The best strategy is to write code that has as few bugs as possible. This can be achieved by using pseudo-code and verifying the logic of the pseudo-code even before you attempt to translate it into an assembly language program. To isolate a bug, program execution should be observed in slow motion. Most debuggers provide a command to execute a program in single-step mode. Debuggers provide commands to set up breakpoints. The program execution stops at breakpoints, giving us a chance to look at the state of the program. Another helpful feature that most debuggers provide is the watch facility.
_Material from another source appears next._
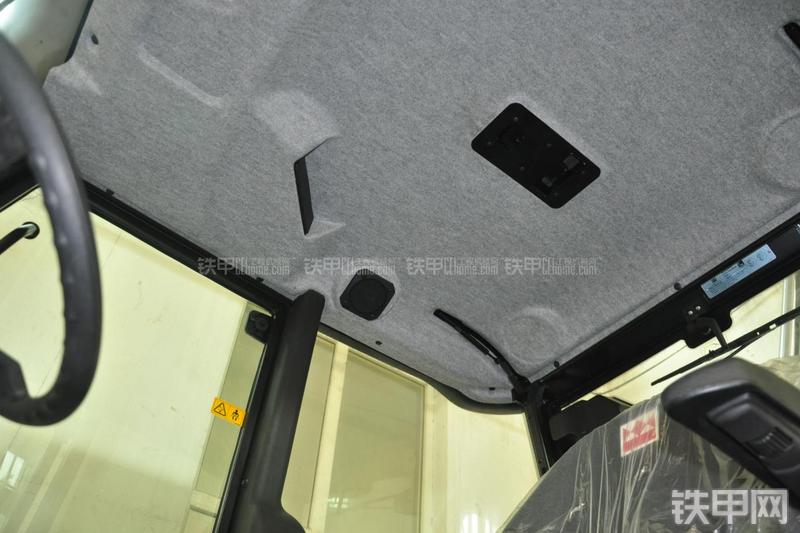 特雷克斯TLB820挖掘装载机局部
GDB, the GNU Project debugger, allows you to see what is going on `inside' another program while it executes -- or what another program was doing at the moment it crashed.
GDB can do four main kinds of things (plus other things in support of these) to help you catch bugs in the act:
Start your program, specifying anything that might affect its behavior.
Make your program stop on specified conditions.
Examine what has happened, when your program has stopped.
Change things in your program, so you can experiment with correcting the effects of one bug and go on to learn about another.
Now let's discuss useful operation of GDB in debugging the program.
1. To run the program in GDB:
gdb file_name
For example, to debug the HelloWorld program :
gdb HelloWorld
2.If arguments as well have to be passed to the program to be loaded into GDB, following options can be use :
gdb YourProgramName args arg1 arg2 arg3 … argN
Displaying Source Code :
list ; To list the source code of executable loaded displays the Source Code and default number of lines.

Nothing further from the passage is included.